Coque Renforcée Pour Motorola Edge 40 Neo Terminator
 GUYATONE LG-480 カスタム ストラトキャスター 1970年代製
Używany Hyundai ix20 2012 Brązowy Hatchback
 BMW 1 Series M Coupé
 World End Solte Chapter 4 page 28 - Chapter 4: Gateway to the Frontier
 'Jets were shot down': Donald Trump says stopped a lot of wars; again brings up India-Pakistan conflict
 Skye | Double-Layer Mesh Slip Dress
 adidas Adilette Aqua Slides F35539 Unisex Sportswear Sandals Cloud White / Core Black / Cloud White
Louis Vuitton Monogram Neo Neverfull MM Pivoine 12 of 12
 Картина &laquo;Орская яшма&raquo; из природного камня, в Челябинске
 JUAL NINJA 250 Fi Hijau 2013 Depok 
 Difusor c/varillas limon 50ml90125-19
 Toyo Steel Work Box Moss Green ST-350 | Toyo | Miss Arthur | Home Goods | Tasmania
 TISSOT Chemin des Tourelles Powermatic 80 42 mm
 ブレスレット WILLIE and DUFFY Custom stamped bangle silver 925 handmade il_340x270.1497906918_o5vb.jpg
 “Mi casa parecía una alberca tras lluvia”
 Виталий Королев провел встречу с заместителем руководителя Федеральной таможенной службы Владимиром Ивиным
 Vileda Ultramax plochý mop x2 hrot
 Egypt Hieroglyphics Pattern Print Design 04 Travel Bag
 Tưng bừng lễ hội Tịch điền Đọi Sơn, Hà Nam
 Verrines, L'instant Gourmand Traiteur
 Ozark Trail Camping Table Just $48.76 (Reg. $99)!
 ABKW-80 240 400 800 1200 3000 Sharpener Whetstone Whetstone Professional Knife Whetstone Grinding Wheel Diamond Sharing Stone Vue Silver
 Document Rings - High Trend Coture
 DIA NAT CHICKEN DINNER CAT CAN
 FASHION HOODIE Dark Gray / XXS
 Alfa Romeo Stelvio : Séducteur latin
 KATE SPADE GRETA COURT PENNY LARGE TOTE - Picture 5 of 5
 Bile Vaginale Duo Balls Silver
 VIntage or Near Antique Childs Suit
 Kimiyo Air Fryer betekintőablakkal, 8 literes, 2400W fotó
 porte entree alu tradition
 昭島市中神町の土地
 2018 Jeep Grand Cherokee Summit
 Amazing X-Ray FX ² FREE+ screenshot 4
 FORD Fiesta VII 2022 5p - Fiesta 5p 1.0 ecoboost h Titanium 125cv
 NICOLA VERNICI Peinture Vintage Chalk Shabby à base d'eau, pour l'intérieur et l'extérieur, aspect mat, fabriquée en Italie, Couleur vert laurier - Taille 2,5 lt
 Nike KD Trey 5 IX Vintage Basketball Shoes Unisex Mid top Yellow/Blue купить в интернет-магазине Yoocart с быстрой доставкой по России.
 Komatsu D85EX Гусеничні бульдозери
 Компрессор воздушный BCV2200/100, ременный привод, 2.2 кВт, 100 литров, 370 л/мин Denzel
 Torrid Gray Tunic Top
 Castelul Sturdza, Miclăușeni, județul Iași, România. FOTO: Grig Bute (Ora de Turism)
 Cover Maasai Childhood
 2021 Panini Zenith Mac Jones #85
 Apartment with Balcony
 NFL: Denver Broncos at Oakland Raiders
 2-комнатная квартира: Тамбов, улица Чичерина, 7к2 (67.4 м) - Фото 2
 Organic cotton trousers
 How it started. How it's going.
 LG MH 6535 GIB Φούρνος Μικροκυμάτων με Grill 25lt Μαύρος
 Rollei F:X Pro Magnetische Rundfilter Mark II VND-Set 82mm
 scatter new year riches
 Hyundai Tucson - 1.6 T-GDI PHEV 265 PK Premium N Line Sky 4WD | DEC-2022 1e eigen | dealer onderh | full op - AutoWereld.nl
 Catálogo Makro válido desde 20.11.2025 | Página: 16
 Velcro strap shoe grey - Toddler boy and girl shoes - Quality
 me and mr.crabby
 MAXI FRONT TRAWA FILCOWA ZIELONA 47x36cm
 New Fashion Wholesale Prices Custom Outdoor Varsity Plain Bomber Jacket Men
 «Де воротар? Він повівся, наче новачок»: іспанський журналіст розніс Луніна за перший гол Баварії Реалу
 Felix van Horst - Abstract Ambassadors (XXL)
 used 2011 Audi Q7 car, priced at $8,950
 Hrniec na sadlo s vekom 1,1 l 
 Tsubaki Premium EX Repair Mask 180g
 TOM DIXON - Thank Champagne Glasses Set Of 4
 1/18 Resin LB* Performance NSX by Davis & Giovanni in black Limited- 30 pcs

━━━━━━

▸ What to do
In the listing above, locate the line with "casa parecía una" and the line with "MAXI FRONT TRAWA FILCOWA ZIELONA 47x36cm", then extract exactly those lines and every line between them, and nothing more.

▸ Written solution
 “Mi casa parecía una alberca tras lluvia”
 Виталий Королев провел встречу с заместителем руководителя Федеральной таможенной службы Владимиром Ивиным
 Vileda Ultramax plochý mop x2 hrot
 Egypt Hieroglyphics Pattern Print Design 04 Travel Bag
 Tưng bừng lễ hội Tịch điền Đọi Sơn, Hà Nam
 Verrines, L'instant Gourmand Traiteur
 Ozark Trail Camping Table Just $48.76 (Reg. $99)!
 ABKW-80 240 400 800 1200 3000 Sharpener Whetstone Whetstone Professional Knife Whetstone Grinding Wheel Diamond Sharing Stone Vue Silver
 Document Rings - High Trend Coture
 DIA NAT CHICKEN DINNER CAT CAN
 FASHION HOODIE Dark Gray / XXS
 Alfa Romeo Stelvio : Séducteur latin
 KATE SPADE GRETA COURT PENNY LARGE TOTE - Picture 5 of 5
 Bile Vaginale Duo Balls Silver
 VIntage or Near Antique Childs Suit
 Kimiyo Air Fryer betekintőablakkal, 8 literes, 2400W fotó
 porte entree alu tradition
 昭島市中神町の土地
 2018 Jeep Grand Cherokee Summit
 Amazing X-Ray FX ² FREE+ screenshot 4
 FORD Fiesta VII 2022 5p - Fiesta 5p 1.0 ecoboost h Titanium 125cv
 NICOLA VERNICI Peinture Vintage Chalk Shabby à base d'eau, pour l'intérieur et l'extérieur, aspect mat, fabriquée en Italie, Couleur vert laurier - Taille 2,5 lt
 Nike KD Trey 5 IX Vintage Basketball Shoes Unisex Mid top Yellow/Blue купить в интернет-магазине Yoocart с быстрой доставкой по России.
 Komatsu D85EX Гусеничні бульдозери
 Компрессор воздушный BCV2200/100, ременный привод, 2.2 кВт, 100 литров, 370 л/мин Denzel
 Torrid Gray Tunic Top
 Castelul Sturdza, Miclăușeni, județul Iași, România. FOTO: Grig Bute (Ora de Turism)
 Cover Maasai Childhood
 2021 Panini Zenith Mac Jones #85
 Apartment with Balcony
 NFL: Denver Broncos at Oakland Raiders
 2-комнатная квартира: Тамбов, улица Чичерина, 7к2 (67.4 м) - Фото 2
 Organic cotton trousers
 How it started. How it's going.
 LG MH 6535 GIB Φούρνος Μικροκυμάτων με Grill 25lt Μαύρος
 Rollei F:X Pro Magnetische Rundfilter Mark II VND-Set 82mm
 scatter new year riches
 Hyundai Tucson - 1.6 T-GDI PHEV 265 PK Premium N Line Sky 4WD | DEC-2022 1e eigen | dealer onderh | full op - AutoWereld.nl
 Catálogo Makro válido desde 20.11.2025 | Página: 16
 Velcro strap shoe grey - Toddler boy and girl shoes - Quality
 me and mr.crabby
 MAXI FRONT TRAWA FILCOWA ZIELONA 47x36cm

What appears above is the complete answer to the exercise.